Hepatitis elimination: Back to basics

This is my sixth year writing the guide, and through the years I’ve been able to write other HCV- and harm reduction-related articles in other issues. Taken together, it is my hope that we address many of the issues that are important to people living with or at risk for viral hepatitis. In this year’s guide, we’re going back to basics. With pages devoted to a basic overview of hepatitis A, B, and C, as well as other related topics like HIV/HCV co-infection, and an overview of the liver to go along with the individual drug pages, we hope to provide you with a useful resource.
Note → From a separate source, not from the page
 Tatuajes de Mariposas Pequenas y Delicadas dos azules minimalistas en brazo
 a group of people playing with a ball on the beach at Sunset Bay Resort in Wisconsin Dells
Looking back, it is remarkable to think how far we’ve come in HCV drug development and how fast it has happened. In fact, the World Health Organization has set the year 2030 as a goal to eliminate viral hepatitis! Imagine a world without hepatitis C and B. We can get there!

There are many hurdles to overcome, but the tools to get us there exist and we need to build the political commitment to put them in action. Here are just three things we can do to push the agenda to make hepatitis C and B a thing of the past.

Remove all restrictions on HCV treatment access. This is a no-brainer: We can’t eliminate HCV if we don’t treat everyone. In the United States, access is getting better, but some private insurance plans and state Medicaid programs continue to put up barriers to HCV cure and treatment. Denying HCV treatment because a person’s liver damage is not advanced enough or because of substance use is bad policy for individual health, leading to greater suffering. It’s also bad public health since the more people we cure, the less likely hepatitis will be transmitted to others. And it is just morally and ethically wrong to deny a person a cure. Check out stateofhepc.org for an overview of state Medicaid restrictions and see what grade your state gets!

Support and expand syringe access and other harm reduction services, including MAT. In addition to treating everyone for HCV, we also need to expand access to sterile syringes and other injecting equipment, as well as other harm reduction services such as overdose prevention and access to medication assisted therapy (MAT). In an ideal world, we’d have a network of syringe service programs always within reach; in an even dreamier world, we’d have them with safe consumption spaces. Additionally, improving access to MAT—medications like methadone, buprenorphine, and naltrexone—is proven intervention to treat and manage opioid addiction. Research has also shown us that MAT can also reduce new HCV infections, and is even more effective when combined with syringe service programs and HCV treatment for people who inject drugs. Check out amfAR’s Opioids and Health Indicator Database for more information: opioid.amfar.org.

Push for an HBV cure. We can treat HBV—and we cover the treatments in this issue—but to date, there is still no cure for it. There is lots of research and development going on right now, with approximately 50 HBV potential cures under investigation, but we need to make sure there is enough funding and support to do this essential work. Follow the work of HBV organizations such as The Hepatitis B Foundation for advocacy alerts and policy sign-on letters, and cure research news: hepb.org.

And most importantly: Listen to people living with HCV and HBV. This is another no-brainer, and it is one that we must do if we want to adequately address viral hepatitis and effectively meet the needs of people living with HCV and/or HBV. Indeed, most of the best advocates for these two diseases are people who have been cured of the disease or those who are still living with it. Their lived experience makes them the experts! It is challenging to build a movement of health advocates and activists. We’ve long had great organizations doing the work, but bringing in the patient voice has been difficult for a variety of reasons. In July 2019, the National Viral Hepatitis Roundtable (NVHR) is organizing the first of its kind NVHR Patient Summit—100 people living with (or cured from) HCV will come together in Atlanta for two days to learn more about HCV, advocacy tools and strategies, and to build a network of advocates. Check out nvhr.org for more information.

There’s work to do, but we can see a world without viral hepatitis on the horizon.